Bien que cela ne soit pas a priori impossible, il est difficile de prévoir comment le Royaume-Uni pourrait concilier son retrait de l’UE et le maintien de la primauté du droit communautaire sur la question des brevets européens, ce qui entraînerait une certaine insécurité juridique.
 

Un autre problème tient à ce que la JUB aura compétence pour tous les brevets européens (sauf opt-out), dans les pays où l’accord est applicable. Si le Royaume-Uni ratifie l’Accord, il pourrait y avoir des procédures devant la JUB concernant des brevets européens avec validation britannique, sans qu’on sache précisément ce qu’il adviendra de ces validations en cas de retrait du Royaume-Uni en cours de procédure.
 

Plus prosaïquement, la ratification par le Royaume-Uni pourrait créer des difficultés pratiques : l’article 7 § 2 prévoit que la division centrale de la JUB aura une section à Londres, compétente notamment pour les brevets pharmaceutiques. En cas de retrait du Royaume-Uni, cela signifie que la JUB serait pour partie établie dans un Etat tiers à l’UE, ce qui serait encore facteur d’insécurité juridique.
 

Dans l’ensemble, si la ratification de l’Accord du 19 février 2013 par le Royaume-Uni n’est pas impossible, le fonctionnement de la juridiction unifiée pourrait être perturbé en cas de retrait ultérieur de l’UE ; dans cette hypothèse, les titulaires de brevets auront intérêt à se montrer prudents dans leur stratégie d’opt-out.

     

  1. Scénario 2 : le Royaume-Uni ne ratifie pas l’Accord du 19 février 2013

 
Dans cette hypothèse, l’Accord du 19 février 2013 ne pourra pas entrer en vigueur tant que le Royaume-Uni restera membre de l’Union européenne, du fait de l’article 89. Compte tenu du mécanisme de l’article 50, la juridiction unifiée du brevet ne pourra probablement pas être créée avant au moins deux ans, voire plus.
 

Une fois que le Royaume-Uni aura terminé la procédure de retrait et ne sera plus membre de l’Union européenne, l’Italie sera le 3ème Etat membre dans lequel le plus grand nombre de brevets européens produisaient leurs effets en 2012 ; l’Accord pourra donc entrer en vigueur sur ratification de l’Italie.
 

Cela étant, l’article 7 § 2 de l’Accord précise qu’une section de la division centrale sera basée à Londres ; juridiquement, rien ne s’opposerait à ce que le Royaume-Uni accueille cette section sans faire partie de la JUB, toutefois il est peu probable que les autres Etats acceptent de laisser cette section dans un Etat non contractant et non membre de l’UE.
 

Il semble donc que l’Accord devra être renégocié a minima pour modifier l’article 7 § 2 et choisir une nouvelle ville pour accueillir la section londonienne (par exemple Milan) ou bien pour la supprimer et transférer la compétence au siège, basé à Paris.

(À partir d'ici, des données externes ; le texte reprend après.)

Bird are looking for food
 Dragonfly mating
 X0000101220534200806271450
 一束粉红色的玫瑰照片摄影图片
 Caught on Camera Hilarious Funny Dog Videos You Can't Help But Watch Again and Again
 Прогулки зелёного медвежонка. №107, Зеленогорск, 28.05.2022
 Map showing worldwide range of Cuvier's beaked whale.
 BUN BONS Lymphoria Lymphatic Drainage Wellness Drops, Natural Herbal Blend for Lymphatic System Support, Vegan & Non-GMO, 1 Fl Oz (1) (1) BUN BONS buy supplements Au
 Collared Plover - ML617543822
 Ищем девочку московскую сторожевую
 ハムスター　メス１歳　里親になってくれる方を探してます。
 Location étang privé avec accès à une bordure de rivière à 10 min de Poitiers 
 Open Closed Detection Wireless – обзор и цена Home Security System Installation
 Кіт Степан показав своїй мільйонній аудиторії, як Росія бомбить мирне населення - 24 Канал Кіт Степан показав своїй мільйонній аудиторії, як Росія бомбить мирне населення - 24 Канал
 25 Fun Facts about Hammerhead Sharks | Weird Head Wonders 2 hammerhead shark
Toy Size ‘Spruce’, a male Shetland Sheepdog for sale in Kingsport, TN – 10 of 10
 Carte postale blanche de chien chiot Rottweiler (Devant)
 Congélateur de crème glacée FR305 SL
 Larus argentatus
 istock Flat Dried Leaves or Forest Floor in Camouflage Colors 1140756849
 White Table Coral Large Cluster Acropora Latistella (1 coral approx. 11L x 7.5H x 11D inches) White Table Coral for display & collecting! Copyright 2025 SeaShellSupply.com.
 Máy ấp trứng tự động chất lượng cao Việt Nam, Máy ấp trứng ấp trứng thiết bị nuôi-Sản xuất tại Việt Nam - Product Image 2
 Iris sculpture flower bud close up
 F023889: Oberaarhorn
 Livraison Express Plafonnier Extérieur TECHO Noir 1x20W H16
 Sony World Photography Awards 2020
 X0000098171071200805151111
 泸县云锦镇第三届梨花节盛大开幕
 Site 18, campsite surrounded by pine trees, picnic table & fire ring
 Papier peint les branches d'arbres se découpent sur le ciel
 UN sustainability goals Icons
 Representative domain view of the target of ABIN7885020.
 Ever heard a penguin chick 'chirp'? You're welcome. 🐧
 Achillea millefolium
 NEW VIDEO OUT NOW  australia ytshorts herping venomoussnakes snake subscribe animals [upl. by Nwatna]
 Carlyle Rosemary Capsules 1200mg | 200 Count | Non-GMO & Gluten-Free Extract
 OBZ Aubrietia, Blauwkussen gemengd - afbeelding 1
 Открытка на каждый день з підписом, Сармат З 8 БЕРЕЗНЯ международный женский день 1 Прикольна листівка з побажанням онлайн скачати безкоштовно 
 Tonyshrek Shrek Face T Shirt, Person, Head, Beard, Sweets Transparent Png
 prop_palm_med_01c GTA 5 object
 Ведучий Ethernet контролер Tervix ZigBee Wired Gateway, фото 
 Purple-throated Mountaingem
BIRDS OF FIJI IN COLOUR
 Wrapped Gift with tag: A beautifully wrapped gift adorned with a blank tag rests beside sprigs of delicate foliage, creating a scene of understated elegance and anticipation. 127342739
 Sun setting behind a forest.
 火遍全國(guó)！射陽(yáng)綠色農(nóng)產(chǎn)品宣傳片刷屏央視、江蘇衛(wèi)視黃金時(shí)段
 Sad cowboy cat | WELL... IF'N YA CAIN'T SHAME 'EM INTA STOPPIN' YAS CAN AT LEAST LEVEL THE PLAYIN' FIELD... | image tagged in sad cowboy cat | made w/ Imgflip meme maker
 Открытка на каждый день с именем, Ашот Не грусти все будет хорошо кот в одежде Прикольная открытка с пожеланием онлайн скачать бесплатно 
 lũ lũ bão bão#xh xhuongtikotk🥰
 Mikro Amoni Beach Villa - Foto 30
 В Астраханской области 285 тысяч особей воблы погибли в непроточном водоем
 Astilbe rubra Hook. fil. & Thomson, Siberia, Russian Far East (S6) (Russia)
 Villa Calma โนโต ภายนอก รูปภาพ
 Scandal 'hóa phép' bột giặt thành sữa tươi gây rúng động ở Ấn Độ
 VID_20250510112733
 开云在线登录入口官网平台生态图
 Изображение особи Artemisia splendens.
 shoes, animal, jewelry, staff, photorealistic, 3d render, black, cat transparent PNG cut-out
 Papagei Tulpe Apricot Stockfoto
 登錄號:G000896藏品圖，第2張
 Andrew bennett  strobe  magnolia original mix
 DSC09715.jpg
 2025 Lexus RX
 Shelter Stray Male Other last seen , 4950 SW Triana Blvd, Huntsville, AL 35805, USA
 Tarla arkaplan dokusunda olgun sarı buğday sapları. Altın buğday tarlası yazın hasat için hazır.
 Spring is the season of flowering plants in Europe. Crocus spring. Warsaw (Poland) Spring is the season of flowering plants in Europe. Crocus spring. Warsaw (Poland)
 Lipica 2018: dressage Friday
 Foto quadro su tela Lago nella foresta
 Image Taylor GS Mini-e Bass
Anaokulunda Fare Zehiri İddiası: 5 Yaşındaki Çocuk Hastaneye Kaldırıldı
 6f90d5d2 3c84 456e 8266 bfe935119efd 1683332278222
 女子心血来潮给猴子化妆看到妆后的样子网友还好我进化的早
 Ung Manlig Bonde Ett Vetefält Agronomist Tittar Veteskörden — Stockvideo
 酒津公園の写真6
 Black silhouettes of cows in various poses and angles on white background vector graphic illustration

Or, cette négociation se heurte à deux difficultés :
 

  • Le Royaume-Uni reste signataire de l’Accord et par conséquent il ne peut y avoir de renégociation sans son consentement ; cela restera le cas même en cas de retrait de l’UE puisque l’Accord n’est pas un instrument communautaire. Le seul moyen d’éviter l’implication du Royaume-Uni serait de négocier un nouvel accord entre les autres Etats.
  • Il est fort probable que d’autres Etats profiteront d’une renégociation pour tenter d’obtenir davantage de modifications. L’Italie et l’Espagne, qui s’étaient fortement opposées à la JUB, pourraient vouloir revenir dans les négociations ; quant à l’Allemagne, qui est l’Etat européen le plus important dans le domaine des brevets, elle pourrait être tentée d’obtenir le transfert de la division londonienne sur son territoire.

 
Dans tous les cas, en l’absence de ratification par le Royaume-Uni, il est peu probable que la JUB et le brevet unitaire puisse entrer en vigueur en 2017.